* Dataset excerpts *
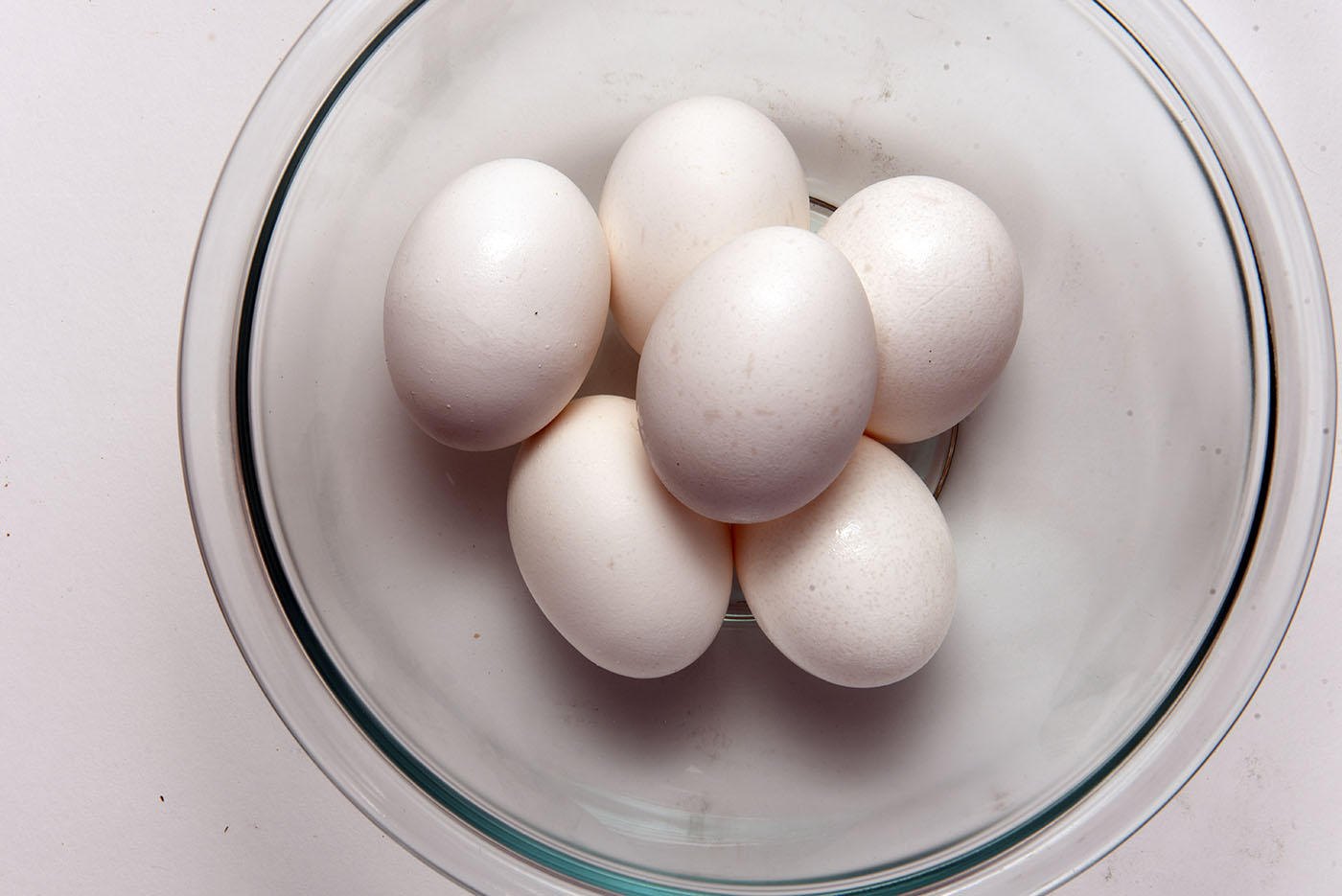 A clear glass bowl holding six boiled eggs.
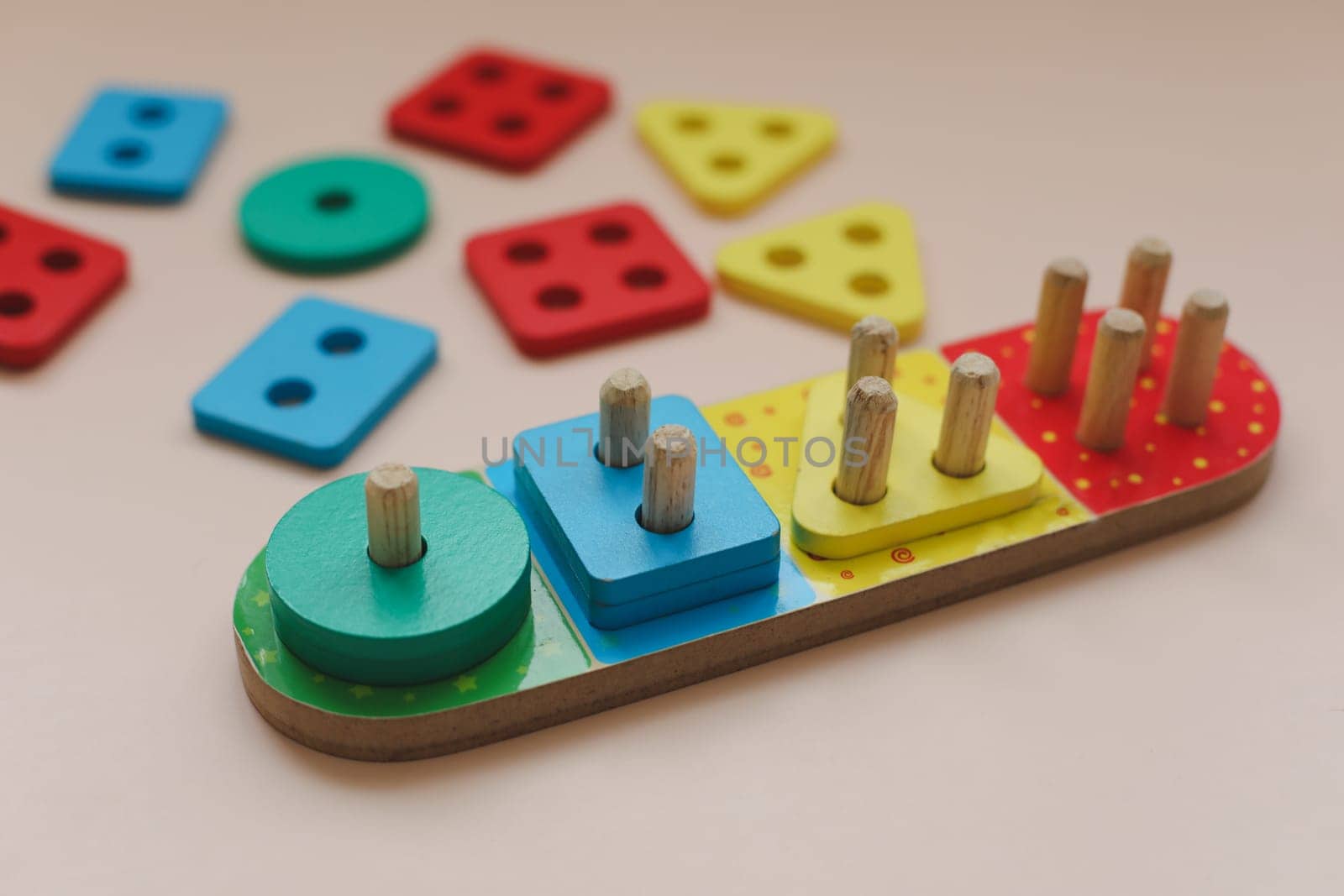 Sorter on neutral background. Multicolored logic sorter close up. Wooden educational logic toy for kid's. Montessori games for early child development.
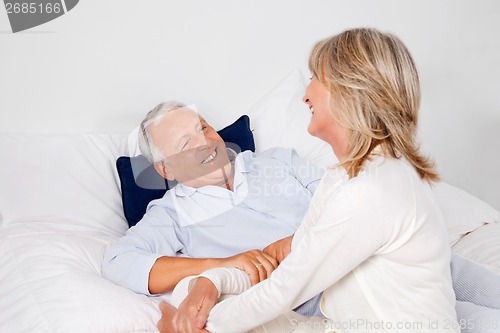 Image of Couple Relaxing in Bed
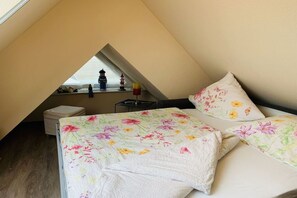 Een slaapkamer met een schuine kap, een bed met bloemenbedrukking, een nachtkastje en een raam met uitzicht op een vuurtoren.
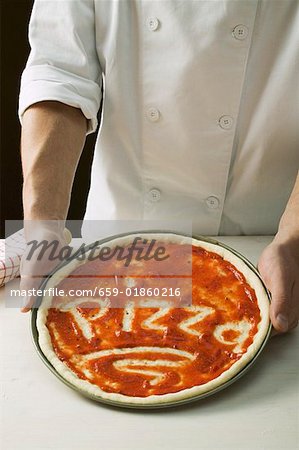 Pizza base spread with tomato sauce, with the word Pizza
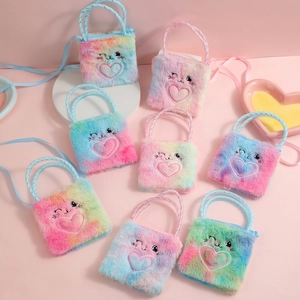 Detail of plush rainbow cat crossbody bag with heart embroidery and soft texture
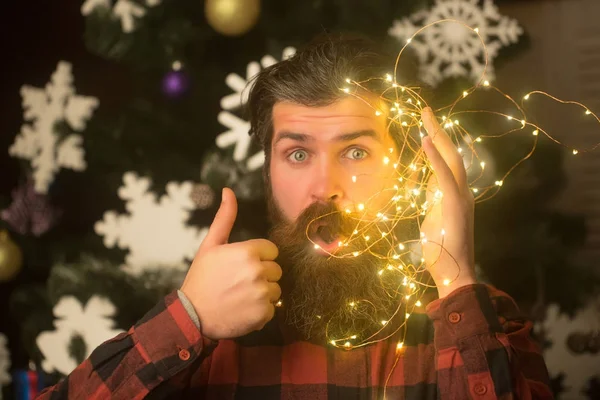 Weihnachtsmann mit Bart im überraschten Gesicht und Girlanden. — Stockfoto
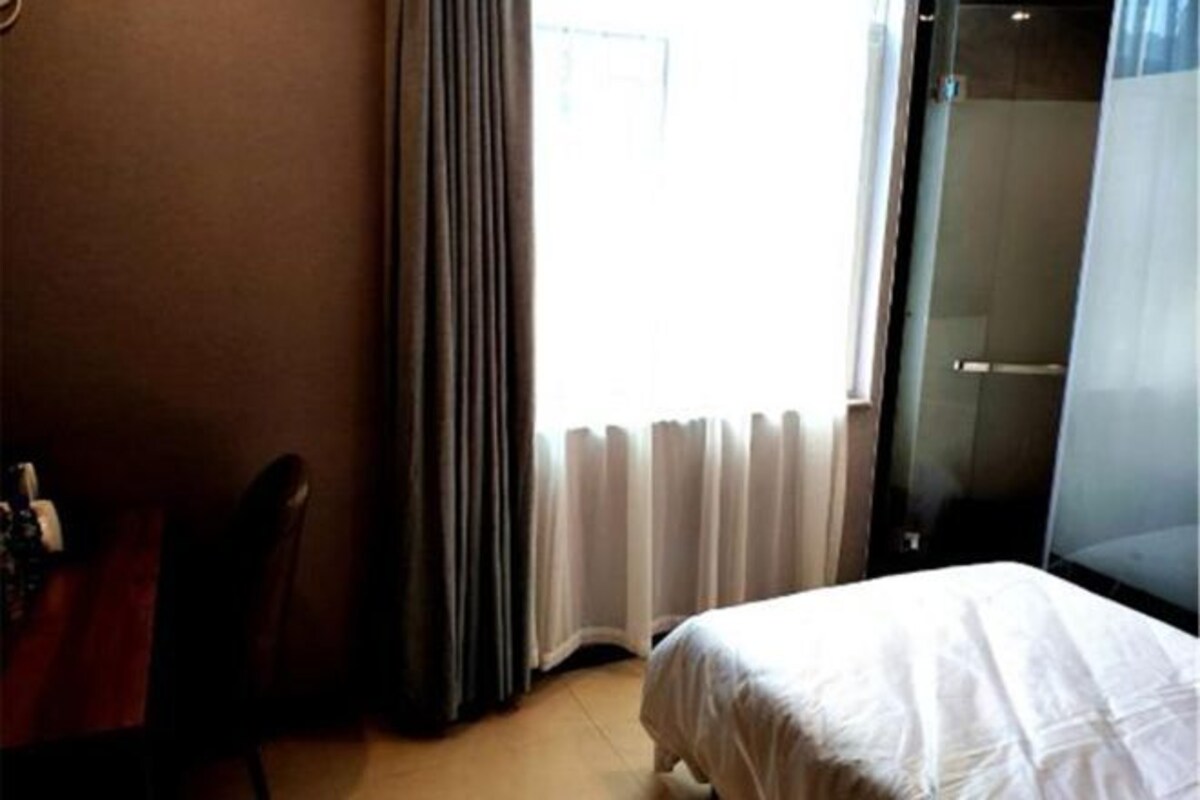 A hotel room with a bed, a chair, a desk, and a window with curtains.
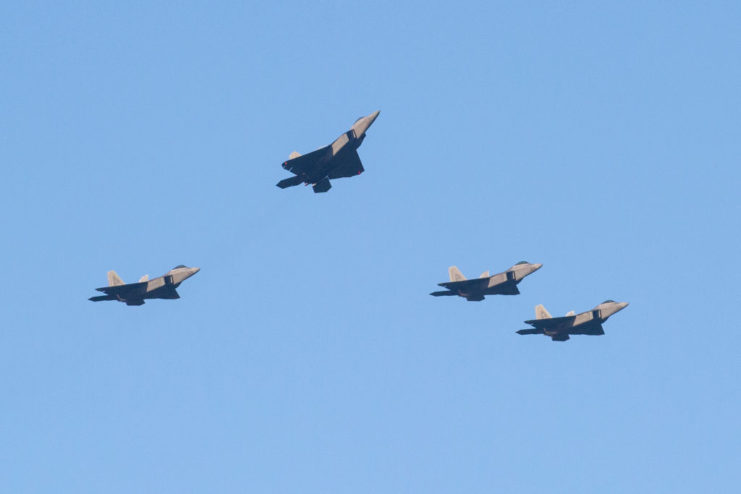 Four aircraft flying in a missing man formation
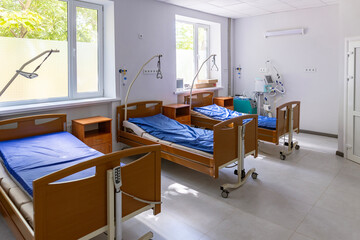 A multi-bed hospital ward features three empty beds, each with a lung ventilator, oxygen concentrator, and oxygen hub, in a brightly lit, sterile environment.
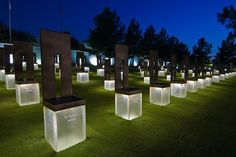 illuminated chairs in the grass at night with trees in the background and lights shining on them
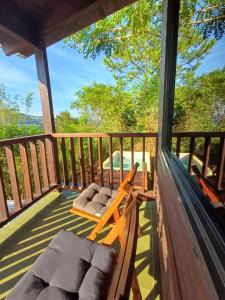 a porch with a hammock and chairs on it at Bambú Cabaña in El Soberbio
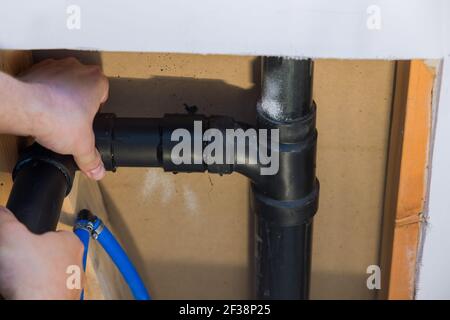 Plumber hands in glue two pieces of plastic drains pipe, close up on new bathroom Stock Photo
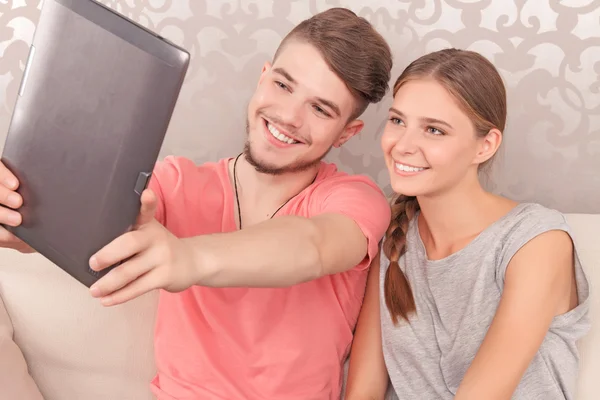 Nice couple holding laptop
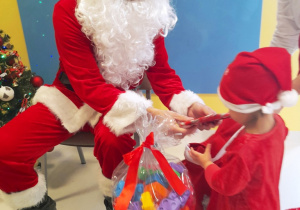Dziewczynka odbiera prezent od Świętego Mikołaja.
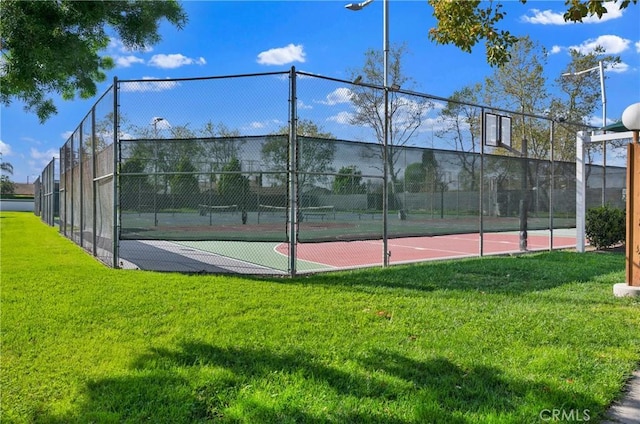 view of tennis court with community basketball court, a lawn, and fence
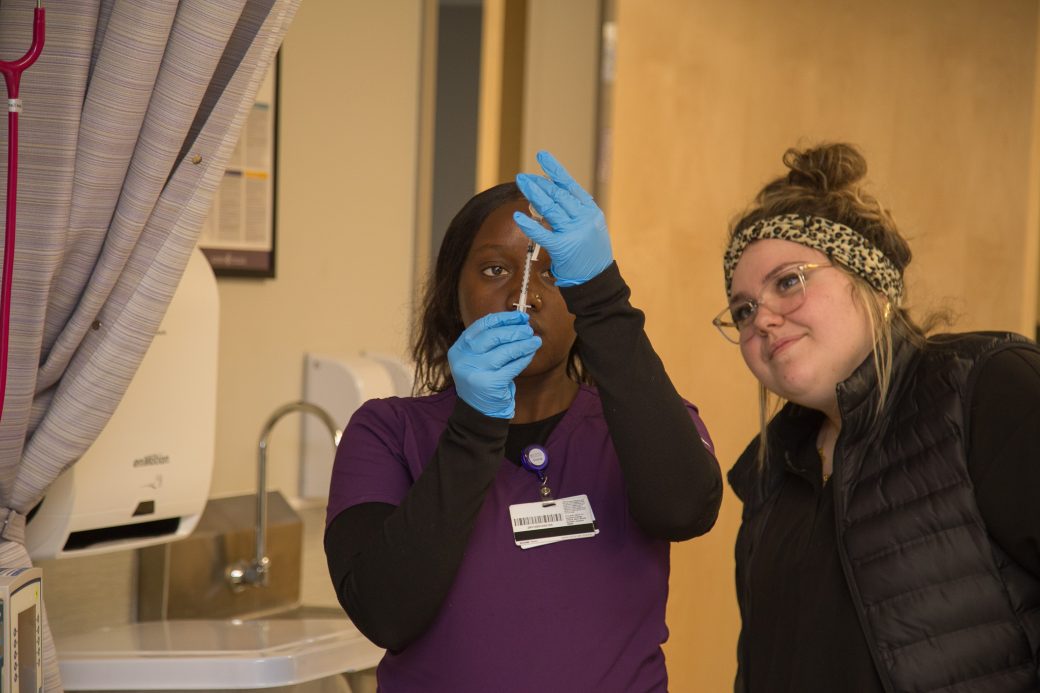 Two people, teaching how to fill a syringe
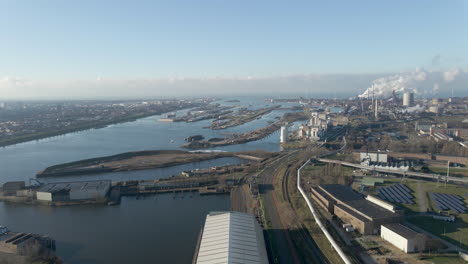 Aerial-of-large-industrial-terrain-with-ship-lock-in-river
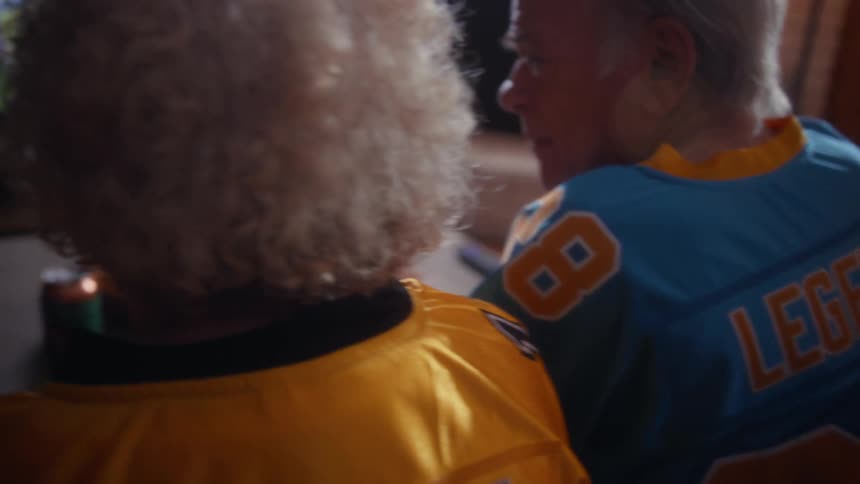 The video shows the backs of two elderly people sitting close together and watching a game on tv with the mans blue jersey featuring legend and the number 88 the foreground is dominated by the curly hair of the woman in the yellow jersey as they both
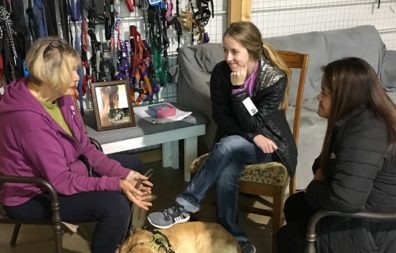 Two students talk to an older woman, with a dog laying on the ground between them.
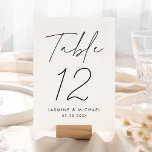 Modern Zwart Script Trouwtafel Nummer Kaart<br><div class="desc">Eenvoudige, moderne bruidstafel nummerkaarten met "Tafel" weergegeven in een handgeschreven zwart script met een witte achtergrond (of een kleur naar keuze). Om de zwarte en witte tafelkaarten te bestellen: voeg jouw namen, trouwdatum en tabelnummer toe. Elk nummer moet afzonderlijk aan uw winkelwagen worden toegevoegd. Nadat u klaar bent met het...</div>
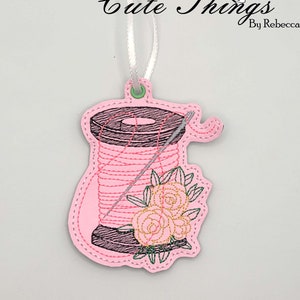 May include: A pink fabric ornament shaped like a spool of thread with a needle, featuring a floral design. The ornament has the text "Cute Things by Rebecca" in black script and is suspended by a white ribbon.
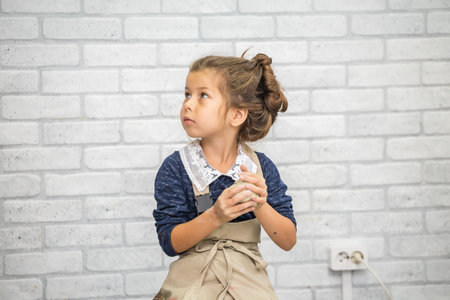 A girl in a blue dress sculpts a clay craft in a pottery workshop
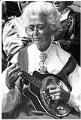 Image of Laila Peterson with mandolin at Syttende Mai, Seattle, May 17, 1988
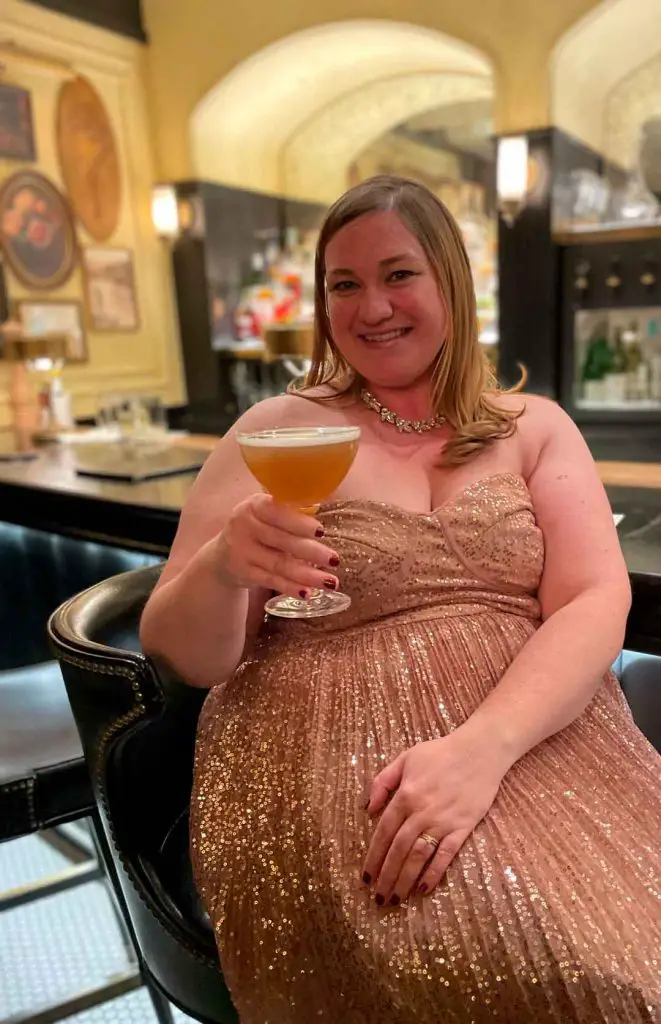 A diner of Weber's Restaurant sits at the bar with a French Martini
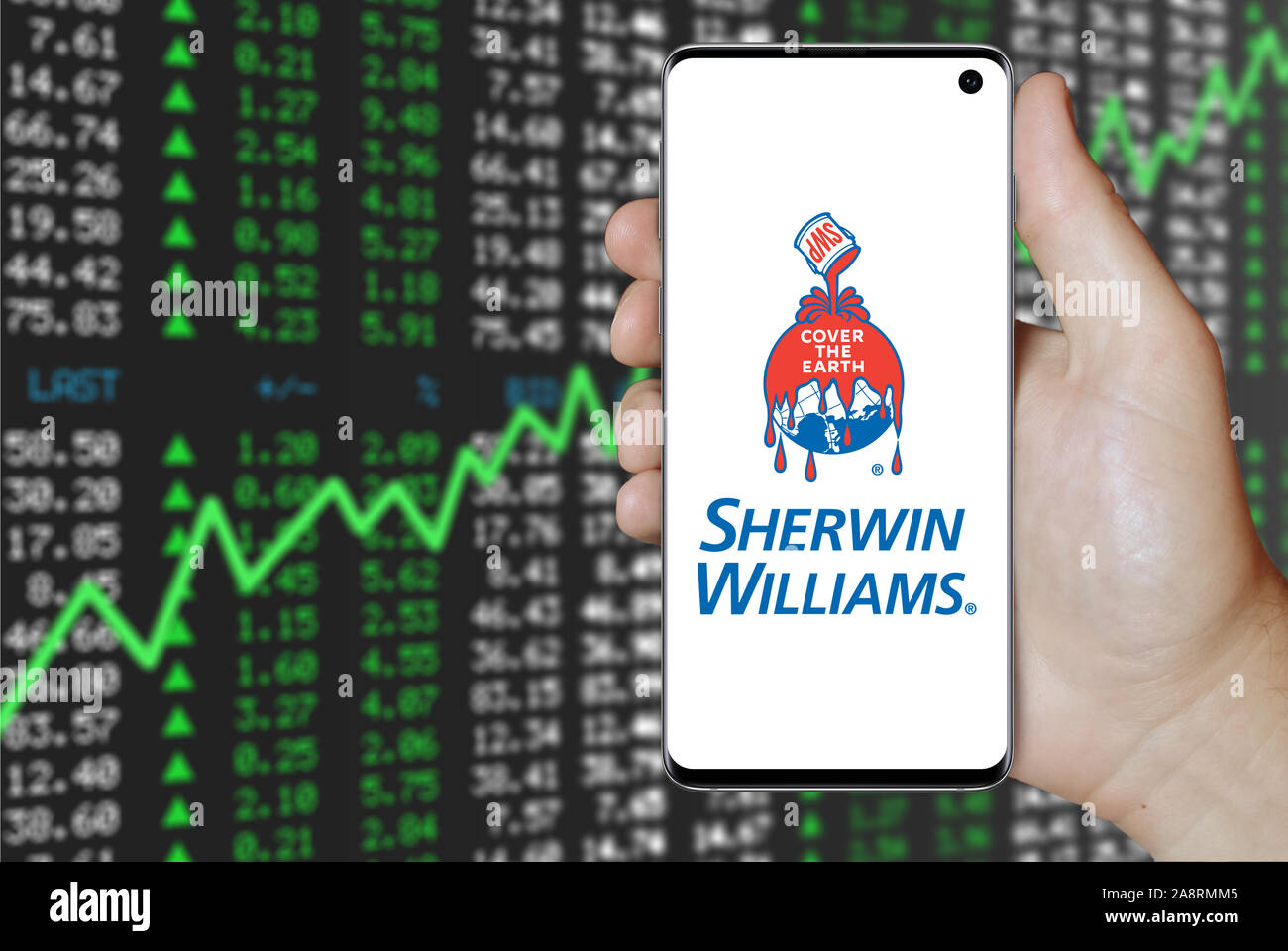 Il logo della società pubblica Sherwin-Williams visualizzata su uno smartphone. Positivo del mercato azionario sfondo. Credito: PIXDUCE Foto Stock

* The problem *
Beginning with the first line of the records above, extract each line exactly through the line that holds "Een slaapkamer met", both ends included. Omit pictures.

* Answer space *
 A clear glass bowl holding six boiled eggs.
 Sorter on neutral background. Multicolored logic sorter close up. Wooden educational logic toy for kid's. Montessori games for early child development.
 Image of Couple Relaxing in Bed
 Een slaapkamer met een schuine kap, een bed met bloemenbedrukking, een nachtkastje en een raam met uitzicht op een vuurtoren.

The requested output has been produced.